I went to sleep and I woke up and the green light of the sun flowed through every window. Meanwhile the universe tried to make sense of my art, so the girl next door and the boyfriend that was the brother sat and giggled and looked into each other's eyes and saw nothing but each others' retinas. The elephant paintings covered the roof and the floor and the walls and the sink and the lights and my clothes and my flesh and the world.

I wish I could paint like the elephant did.

I went to sleep and I woke up and my dreams were pyrite and sulphur. The boyfriend and his sister smiled and grinned and skipped in tune. I picked up the horsehair paintbrush with my trunk and flayed the flesh of the rough-hewn canvas with whips laced with black and blue and red and a shade of being that words are not enough for.

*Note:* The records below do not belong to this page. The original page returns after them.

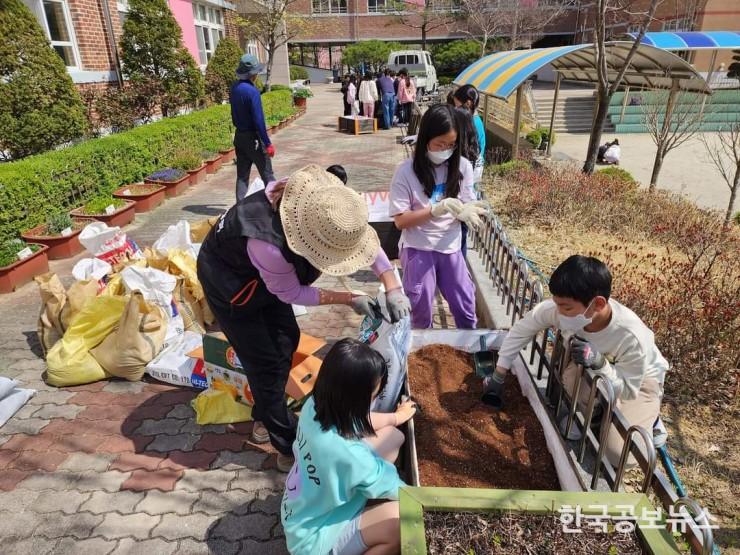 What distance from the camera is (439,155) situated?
2938 millimetres

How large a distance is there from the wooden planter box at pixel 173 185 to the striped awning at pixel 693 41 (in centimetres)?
1939

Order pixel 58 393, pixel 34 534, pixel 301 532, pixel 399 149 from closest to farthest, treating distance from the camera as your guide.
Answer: pixel 301 532, pixel 34 534, pixel 58 393, pixel 399 149

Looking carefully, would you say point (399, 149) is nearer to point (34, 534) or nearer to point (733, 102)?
point (34, 534)

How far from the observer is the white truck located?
25641 mm

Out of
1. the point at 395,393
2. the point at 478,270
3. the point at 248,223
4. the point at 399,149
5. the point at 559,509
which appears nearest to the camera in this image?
the point at 559,509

I went to sleep and I woke up and my paintings were not enough and so I took a brush to myself and painted my grey skin and the blue light of the sun on my indigo paint mixed with the red of the coupling next door and it all mixed into a single hue and had the consistency of vomit twice removed.

I went to sleep and I woke up.

I went to sleep and I woke up.

I went to sleep and I woke up.

I went to sleep.

Uncountable infinities of light swam into impossible oneness. An errant thought: wouldn't it be nice to dance among the fairies? The lights cackled and shone and whispered foreign words down my throat and the words became mine and the world felt like nothing.

I disappeared into the distance and never woke up.